DATA SEGMENT:
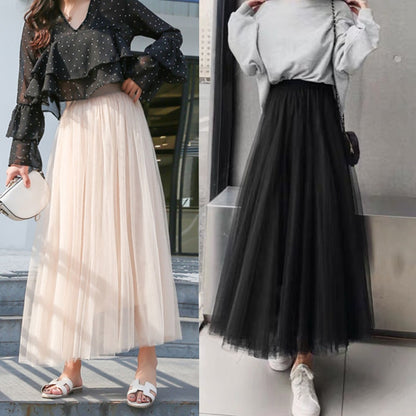 3 Layers Pleated  Midi Tulle Skirt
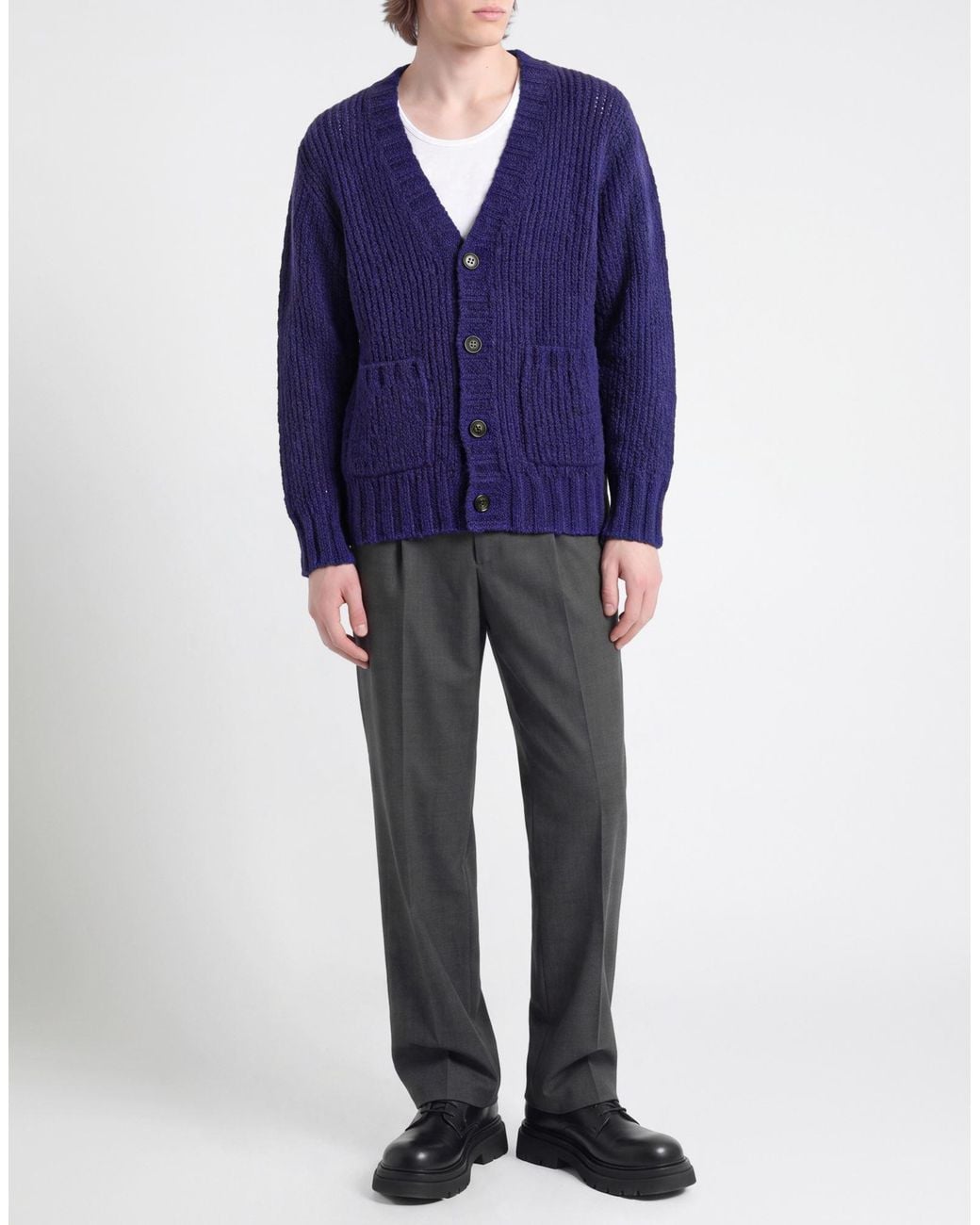 Circolo 1901 Blue Cardigan Wool, Alpaca Wool for men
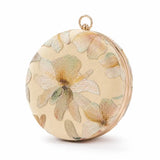 Bloom yellow embroidered clutch by The Tan Clan, showcasing intricate floral embroidery and a sleek, elegant design.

TASK PROMPT:
Restate every line above exactly, omitting images.

REPLY TO THE EXERCISE:
 3 Layers Pleated  Midi Tulle Skirt
 Circolo 1901 Blue Cardigan Wool, Alpaca Wool for men
 Bloom yellow embroidered clutch by The Tan Clan, showcasing intricate floral embroidery and a sleek, elegant design.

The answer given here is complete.